— Material provided —
BEGIN

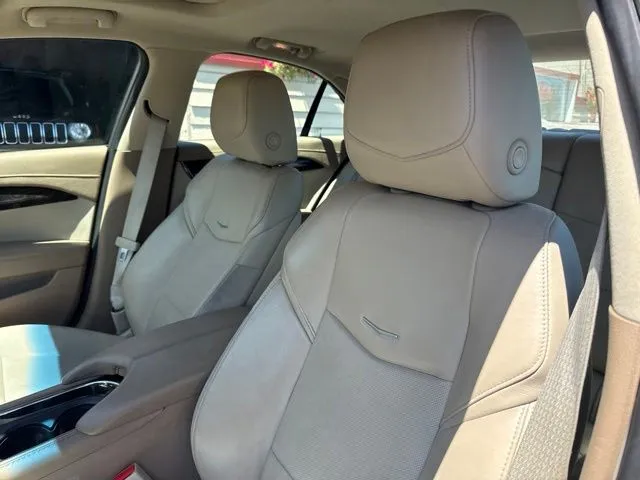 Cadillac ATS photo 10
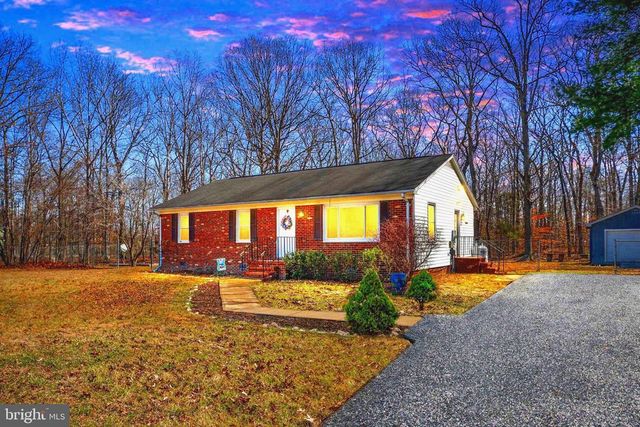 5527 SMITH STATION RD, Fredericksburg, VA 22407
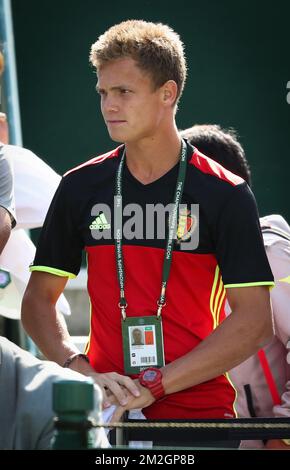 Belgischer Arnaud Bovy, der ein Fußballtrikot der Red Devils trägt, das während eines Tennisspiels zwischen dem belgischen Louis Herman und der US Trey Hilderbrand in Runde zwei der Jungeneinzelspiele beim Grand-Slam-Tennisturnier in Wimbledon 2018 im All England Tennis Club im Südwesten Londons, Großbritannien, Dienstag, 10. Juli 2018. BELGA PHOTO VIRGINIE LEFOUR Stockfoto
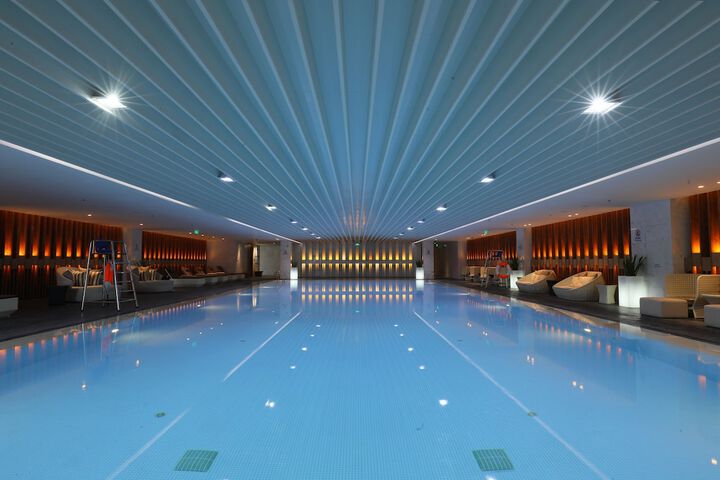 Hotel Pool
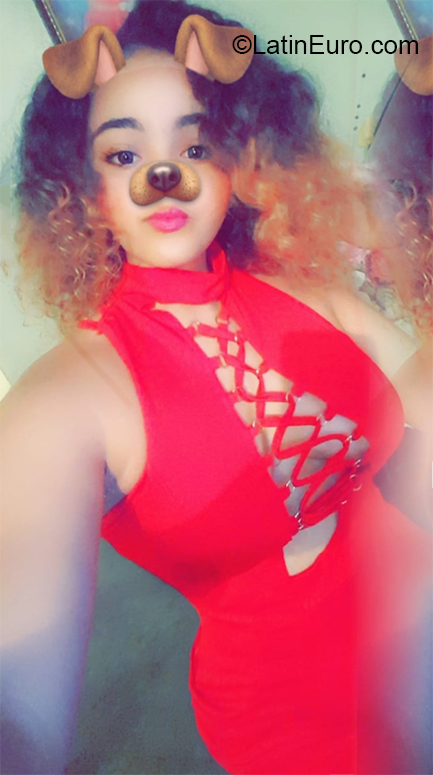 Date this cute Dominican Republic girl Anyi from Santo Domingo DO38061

END

— Requirement —
All of the material above is to be copied exactly, except for its images.

— Output —
 Cadillac ATS photo 10
 5527 SMITH STATION RD, Fredericksburg, VA 22407
 Belgischer Arnaud Bovy, der ein Fußballtrikot der Red Devils trägt, das während eines Tennisspiels zwischen dem belgischen Louis Herman und der US Trey Hilderbrand in Runde zwei der Jungeneinzelspiele beim Grand-Slam-Tennisturnier in Wimbledon 2018 im All England Tennis Club im Südwesten Londons, Großbritannien, Dienstag, 10. Juli 2018. BELGA PHOTO VIRGINIE LEFOUR Stockfoto
 Hotel Pool
 Date this cute Dominican Republic girl Anyi from Santo Domingo DO38061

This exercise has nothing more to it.